Je voudrais également vous faire part d’une réflexion. Nous nous interrogeons fréquemment sur l’impôt le mieux adapté et l’incitation fiscale optimale. Il faut savoir ce que les expressions « niches fiscales » ou « mitage » de l’impôt sur les sociétés signifient. (M. François Rebsamen acquiesce.)

M. Patrick Ollier, ministre. Justement, madame Bricq ! Nous considérons pour notre part que l’allégement de la fiscalité favorise les investissements, stimule les entreprises et a fait ainsi progresser la création de richesses. C’est le principe des niches fiscales.

Mais nous nous sommes aperçus – je le reconnais d’autant plus que j’avais moi-même, dans le cadre de mes précédentes fonctions au sein de la commission des affaires économiques de l’Assemblée nationale, encouragé la mise en place de telles mesures – que certaines dispositions, notamment en outre-mer, occasionnaient des dérives en favorisant la spéculation. Nous les avons supprimées.

Nous devons effectivement faire preuve de pragmatisme en matière de fiscalité. Autant nous considérons qu’il faut stimuler l’entreprise par des dispositifs d’exonération fiscale et, dans certains cas, par ce que vous appelez des « niches », autant nous sommes résolus à remédier aux éventuelles dérives que nous constatons.

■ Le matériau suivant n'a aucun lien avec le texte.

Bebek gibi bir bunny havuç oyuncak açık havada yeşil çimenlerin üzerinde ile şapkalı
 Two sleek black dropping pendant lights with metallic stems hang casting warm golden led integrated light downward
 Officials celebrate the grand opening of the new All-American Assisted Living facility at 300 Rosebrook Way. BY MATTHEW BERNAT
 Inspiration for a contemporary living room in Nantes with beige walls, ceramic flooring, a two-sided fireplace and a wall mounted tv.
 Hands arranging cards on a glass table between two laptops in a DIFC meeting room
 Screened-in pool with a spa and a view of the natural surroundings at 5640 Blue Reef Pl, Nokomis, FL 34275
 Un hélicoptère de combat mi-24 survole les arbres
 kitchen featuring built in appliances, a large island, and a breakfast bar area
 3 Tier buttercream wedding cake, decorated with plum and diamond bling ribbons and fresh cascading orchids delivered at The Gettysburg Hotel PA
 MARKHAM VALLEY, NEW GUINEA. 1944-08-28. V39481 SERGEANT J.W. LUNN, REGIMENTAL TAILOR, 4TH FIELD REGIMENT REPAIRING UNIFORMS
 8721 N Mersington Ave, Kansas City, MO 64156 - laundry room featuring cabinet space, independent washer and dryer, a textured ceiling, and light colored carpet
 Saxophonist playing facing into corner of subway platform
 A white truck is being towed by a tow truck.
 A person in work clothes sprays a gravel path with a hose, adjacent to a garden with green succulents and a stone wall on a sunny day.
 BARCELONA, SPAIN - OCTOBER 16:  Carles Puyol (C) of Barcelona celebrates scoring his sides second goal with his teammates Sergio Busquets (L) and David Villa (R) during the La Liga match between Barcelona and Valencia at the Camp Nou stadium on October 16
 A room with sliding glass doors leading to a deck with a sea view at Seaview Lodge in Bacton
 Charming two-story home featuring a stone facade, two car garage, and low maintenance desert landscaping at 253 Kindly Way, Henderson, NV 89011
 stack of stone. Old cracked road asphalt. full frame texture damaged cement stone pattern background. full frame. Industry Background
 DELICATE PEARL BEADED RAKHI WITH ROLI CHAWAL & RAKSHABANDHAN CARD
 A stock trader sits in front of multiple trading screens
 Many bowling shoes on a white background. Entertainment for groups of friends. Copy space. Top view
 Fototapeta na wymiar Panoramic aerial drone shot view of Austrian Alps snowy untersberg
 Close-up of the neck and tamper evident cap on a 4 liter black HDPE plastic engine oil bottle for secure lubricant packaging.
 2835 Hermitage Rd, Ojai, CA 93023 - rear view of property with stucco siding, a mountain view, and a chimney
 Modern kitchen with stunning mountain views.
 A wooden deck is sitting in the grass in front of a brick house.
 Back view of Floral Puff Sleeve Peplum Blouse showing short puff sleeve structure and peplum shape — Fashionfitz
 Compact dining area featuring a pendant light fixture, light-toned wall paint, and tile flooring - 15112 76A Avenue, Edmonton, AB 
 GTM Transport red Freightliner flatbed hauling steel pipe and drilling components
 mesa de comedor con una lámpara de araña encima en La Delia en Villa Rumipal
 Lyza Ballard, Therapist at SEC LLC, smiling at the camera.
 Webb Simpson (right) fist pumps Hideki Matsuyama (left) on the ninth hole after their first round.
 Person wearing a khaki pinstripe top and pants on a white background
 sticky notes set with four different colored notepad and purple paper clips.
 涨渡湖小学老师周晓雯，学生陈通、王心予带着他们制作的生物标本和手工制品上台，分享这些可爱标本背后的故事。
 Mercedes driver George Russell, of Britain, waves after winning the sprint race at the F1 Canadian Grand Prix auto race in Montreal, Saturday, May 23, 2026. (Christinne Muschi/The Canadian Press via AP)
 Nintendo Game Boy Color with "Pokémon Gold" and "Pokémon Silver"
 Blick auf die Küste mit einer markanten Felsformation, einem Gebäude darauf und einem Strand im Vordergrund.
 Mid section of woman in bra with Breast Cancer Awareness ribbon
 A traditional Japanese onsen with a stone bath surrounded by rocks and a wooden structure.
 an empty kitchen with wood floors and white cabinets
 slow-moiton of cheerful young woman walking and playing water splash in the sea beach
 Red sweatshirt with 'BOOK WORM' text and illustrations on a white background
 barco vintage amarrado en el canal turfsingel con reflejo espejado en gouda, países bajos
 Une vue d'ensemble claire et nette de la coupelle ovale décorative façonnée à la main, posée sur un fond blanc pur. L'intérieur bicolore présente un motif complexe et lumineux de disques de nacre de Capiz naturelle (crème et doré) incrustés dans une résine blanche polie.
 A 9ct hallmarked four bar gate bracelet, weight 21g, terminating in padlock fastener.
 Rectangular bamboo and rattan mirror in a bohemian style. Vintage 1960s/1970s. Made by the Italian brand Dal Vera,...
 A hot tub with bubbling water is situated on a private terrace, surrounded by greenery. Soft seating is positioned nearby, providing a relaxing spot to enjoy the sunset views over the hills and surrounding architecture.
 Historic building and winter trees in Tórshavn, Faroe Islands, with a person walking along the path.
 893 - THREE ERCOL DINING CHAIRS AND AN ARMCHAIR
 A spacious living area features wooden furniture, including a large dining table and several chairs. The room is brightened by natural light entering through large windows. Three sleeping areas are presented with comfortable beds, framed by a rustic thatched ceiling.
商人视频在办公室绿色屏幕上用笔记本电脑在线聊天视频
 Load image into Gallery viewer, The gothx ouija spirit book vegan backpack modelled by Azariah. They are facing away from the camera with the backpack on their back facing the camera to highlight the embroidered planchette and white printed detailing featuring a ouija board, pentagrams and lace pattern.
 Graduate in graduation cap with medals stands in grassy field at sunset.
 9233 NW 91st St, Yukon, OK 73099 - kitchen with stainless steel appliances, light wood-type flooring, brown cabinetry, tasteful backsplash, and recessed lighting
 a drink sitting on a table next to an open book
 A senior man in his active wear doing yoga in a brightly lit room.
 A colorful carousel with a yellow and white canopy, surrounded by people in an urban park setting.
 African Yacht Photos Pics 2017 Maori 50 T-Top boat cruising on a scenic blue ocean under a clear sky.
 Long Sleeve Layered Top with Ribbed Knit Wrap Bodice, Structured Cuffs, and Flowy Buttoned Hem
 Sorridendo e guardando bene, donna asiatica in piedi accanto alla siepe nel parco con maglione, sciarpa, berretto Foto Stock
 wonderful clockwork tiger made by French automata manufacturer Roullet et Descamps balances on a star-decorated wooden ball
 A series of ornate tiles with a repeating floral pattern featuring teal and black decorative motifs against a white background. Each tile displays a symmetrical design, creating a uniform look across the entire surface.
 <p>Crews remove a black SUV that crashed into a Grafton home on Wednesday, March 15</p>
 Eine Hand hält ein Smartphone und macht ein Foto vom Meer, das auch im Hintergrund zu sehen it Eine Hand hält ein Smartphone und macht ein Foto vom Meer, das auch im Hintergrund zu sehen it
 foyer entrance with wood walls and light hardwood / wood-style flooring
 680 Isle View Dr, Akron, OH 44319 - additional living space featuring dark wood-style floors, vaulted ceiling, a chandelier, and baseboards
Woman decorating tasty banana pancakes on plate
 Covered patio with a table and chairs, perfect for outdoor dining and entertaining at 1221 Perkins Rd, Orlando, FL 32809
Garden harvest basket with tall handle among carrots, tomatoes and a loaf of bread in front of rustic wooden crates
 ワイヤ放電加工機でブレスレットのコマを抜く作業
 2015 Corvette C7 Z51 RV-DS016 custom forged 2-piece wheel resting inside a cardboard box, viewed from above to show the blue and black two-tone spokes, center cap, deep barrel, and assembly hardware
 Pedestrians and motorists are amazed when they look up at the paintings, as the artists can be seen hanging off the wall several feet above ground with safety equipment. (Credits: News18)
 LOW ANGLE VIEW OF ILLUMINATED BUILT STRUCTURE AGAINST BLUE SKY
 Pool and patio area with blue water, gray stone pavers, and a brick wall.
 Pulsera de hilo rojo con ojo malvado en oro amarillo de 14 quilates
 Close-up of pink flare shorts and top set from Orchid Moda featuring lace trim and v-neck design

Dans cette perspective, les suppressions que nous avons décidées dans le cadre du projet de loi de finances pour 2011 ont permis de réaliser plusieurs milliards d’euros d’économies.

Je voudrais à présent aborder la réforme de la taxe professionnelle.

Les auteurs de la présente proposition de loi affirment qu’il faut soutenir l’investissement. Ils ont raison. Mais c’est précisément ce que le Gouvernement fait, madame Bricq.

M. Patrick Ollier, ministre. En effet, la suppression de la taxe professionnelle est une mesure essentielle pour la compétitivité des entreprises industrielles.

Mme Nicole Bricq. Il va falloir nous le démontrer !

M. Patrick Ollier, ministre. Mais vous en aurez la démonstration au fur et à mesure de la mise en œuvre de la réforme !

M. François Rebsamen. C’est ça… (Sourires sur les travées du groupe socialiste.)

Mme Nicole Bricq. Vous allez avoir du mal !

M. François Marc, auteur de la proposition de loi. Ça va être la croissance spontanée ! (Nouveaux sourires.)

M. Patrick Ollier, ministre. Vous ne pouvez pas prétendre que la mesure est mauvaise seulement parce que vous l’avez d’emblée déclarée mauvaise, et ce alors même qu’elle n’a pas encore atteint son application optimale ! C’est pourtant un peu ce que vous faites, madame Bricq.

M. Patrick Ollier, ministre. Les auteurs de la proposition de loi souhaitent « favoriser l’investissement ». C’est précisément ce que le Gouvernement a fait en 2010 en supprimant en 2010 la taxe professionnelle, qui pénalisait tout particulièrement les entreprises désireuses d’investir, notamment dans l’industrie !

Je vous rappelle que la taxe professionnelle existait entre 1997 et 2002 ; vous aviez alors un formidable champ d’expérimentation ! Que n’en avez-vous profité à l’époque ?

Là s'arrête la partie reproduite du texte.